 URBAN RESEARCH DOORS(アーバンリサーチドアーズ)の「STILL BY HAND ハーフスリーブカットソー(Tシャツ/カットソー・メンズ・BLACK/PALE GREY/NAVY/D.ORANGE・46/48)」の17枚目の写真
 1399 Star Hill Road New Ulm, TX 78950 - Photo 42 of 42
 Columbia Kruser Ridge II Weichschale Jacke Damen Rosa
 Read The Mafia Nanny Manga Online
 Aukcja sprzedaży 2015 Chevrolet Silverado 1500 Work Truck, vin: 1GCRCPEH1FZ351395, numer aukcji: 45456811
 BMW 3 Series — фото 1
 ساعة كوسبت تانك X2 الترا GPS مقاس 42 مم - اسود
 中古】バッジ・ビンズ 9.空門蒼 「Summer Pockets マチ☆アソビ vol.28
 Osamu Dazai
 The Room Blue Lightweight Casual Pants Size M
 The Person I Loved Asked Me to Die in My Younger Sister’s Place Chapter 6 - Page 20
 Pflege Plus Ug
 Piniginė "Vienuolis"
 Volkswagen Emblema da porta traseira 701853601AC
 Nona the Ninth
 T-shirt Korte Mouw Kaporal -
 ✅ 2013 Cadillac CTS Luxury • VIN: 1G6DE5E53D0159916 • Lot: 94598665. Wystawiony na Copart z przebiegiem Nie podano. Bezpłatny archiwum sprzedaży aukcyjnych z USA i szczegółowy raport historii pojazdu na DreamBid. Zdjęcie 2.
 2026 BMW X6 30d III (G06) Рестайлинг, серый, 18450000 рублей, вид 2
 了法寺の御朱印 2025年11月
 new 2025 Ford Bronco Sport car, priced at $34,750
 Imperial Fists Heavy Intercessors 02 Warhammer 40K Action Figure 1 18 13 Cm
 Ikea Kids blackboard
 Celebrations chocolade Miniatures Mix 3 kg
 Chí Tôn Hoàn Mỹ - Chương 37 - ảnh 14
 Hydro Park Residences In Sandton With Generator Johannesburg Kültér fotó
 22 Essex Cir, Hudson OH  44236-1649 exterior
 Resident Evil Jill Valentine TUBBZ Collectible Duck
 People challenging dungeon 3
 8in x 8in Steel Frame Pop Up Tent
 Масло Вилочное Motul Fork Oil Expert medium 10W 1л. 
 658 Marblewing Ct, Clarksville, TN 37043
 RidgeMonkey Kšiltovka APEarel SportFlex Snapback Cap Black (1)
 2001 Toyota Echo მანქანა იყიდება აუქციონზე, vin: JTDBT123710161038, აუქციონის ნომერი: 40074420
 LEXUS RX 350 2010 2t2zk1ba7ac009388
══════════
ACTIVITY: Working from the material above, retype exactly the lines from the one with "The Person I" through the one with "T-shirt Korte Mouw", both included, and only those lines.

ANSWER FOR THE TASK:
 The Person I Loved Asked Me to Die in My Younger Sister’s Place Chapter 6 - Page 20
 Pflege Plus Ug
 Piniginė "Vienuolis"
 Volkswagen Emblema da porta traseira 701853601AC
 Nona the Ninth
 T-shirt Korte Mouw Kaporal -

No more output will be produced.